Problem to work on:
Could the listing below be returned exactly, with its pictures left out?

Information shown:
※ ※ ※

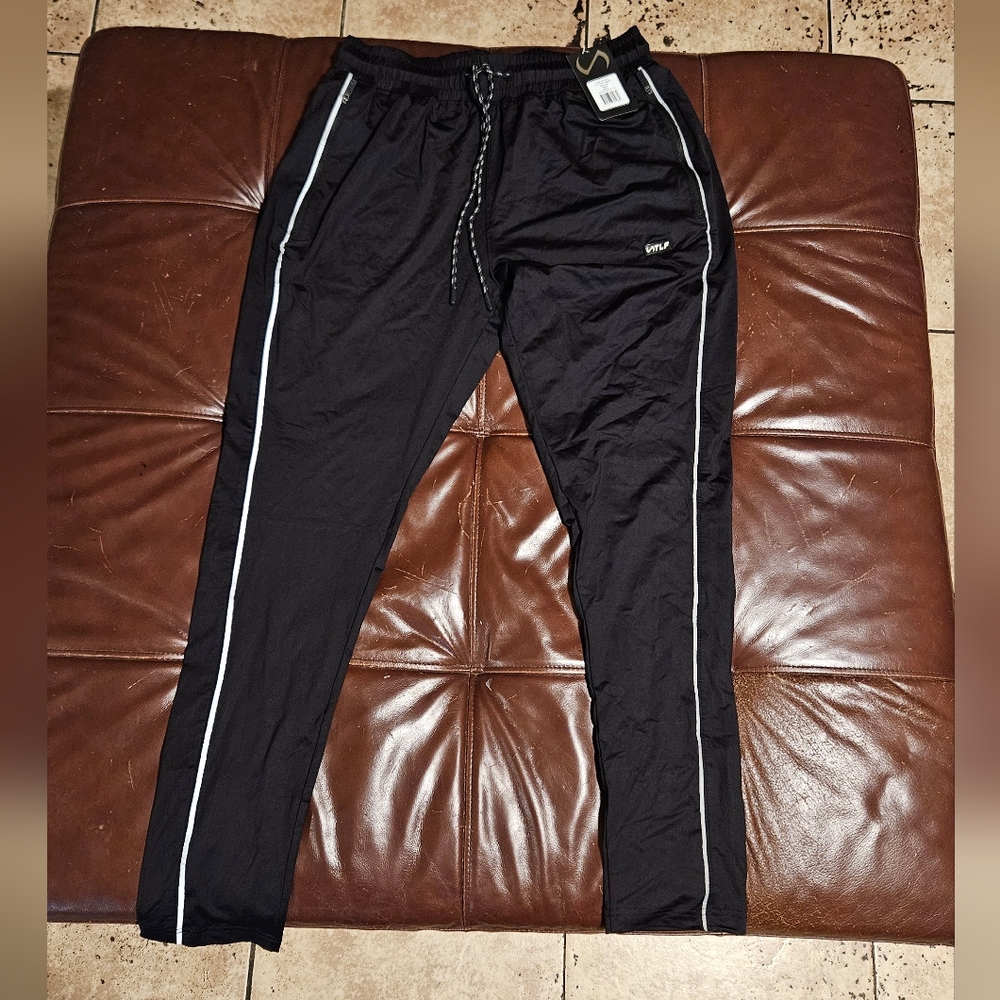 Black Joggers with White Stripes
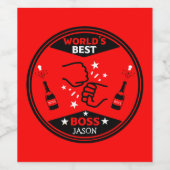 De grootste baas ter wereld wijn etiket (Enkel label)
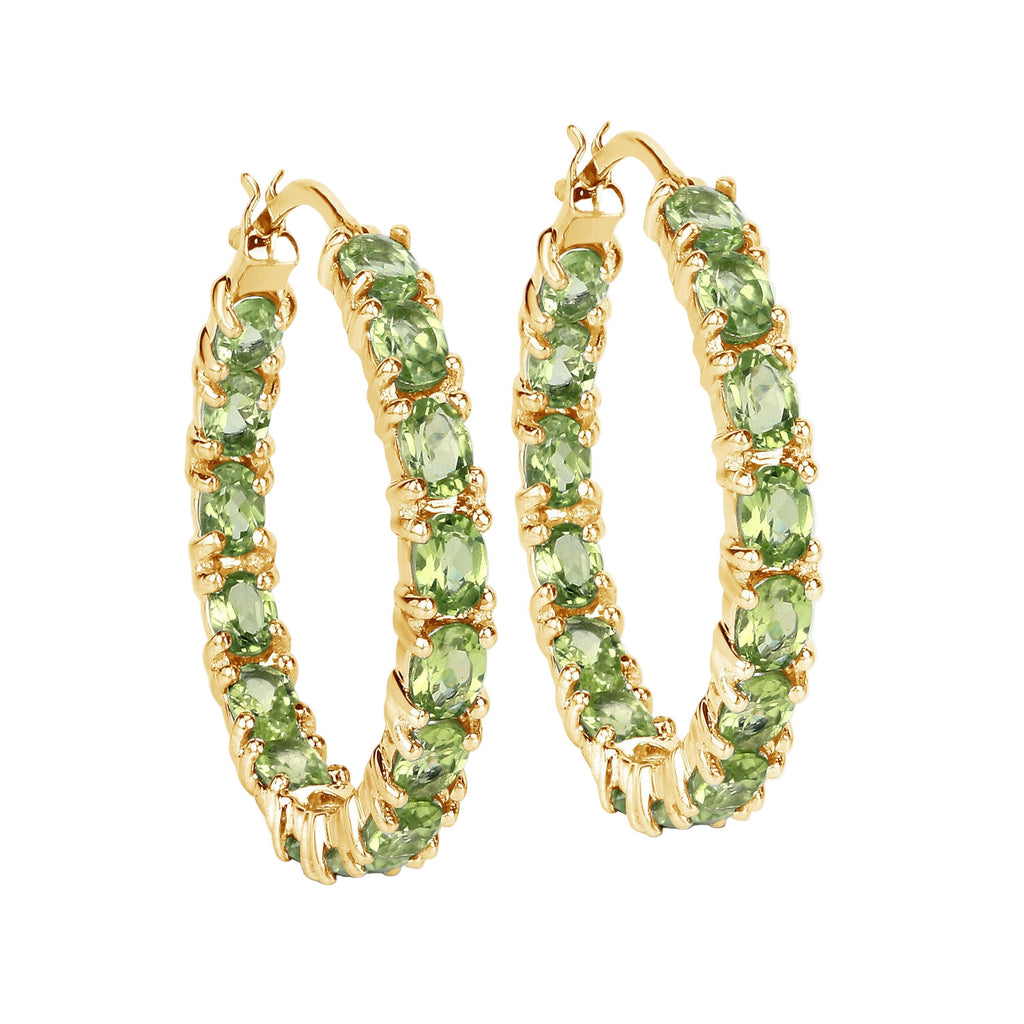 Verdant Glow Peridot Hoop Earrings - 5.10 Carat Genuine Peridot - 14k Yellow Gold Plated .925 Sterling Silver Earrings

※ ※ ※

Answer box:
 Black Joggers with White Stripes
 De grootste baas ter wereld wijn etiket (Enkel label)
 Verdant Glow Peridot Hoop Earrings - 5.10 Carat Genuine Peridot - 14k Yellow Gold Plated .925 Sterling Silver Earrings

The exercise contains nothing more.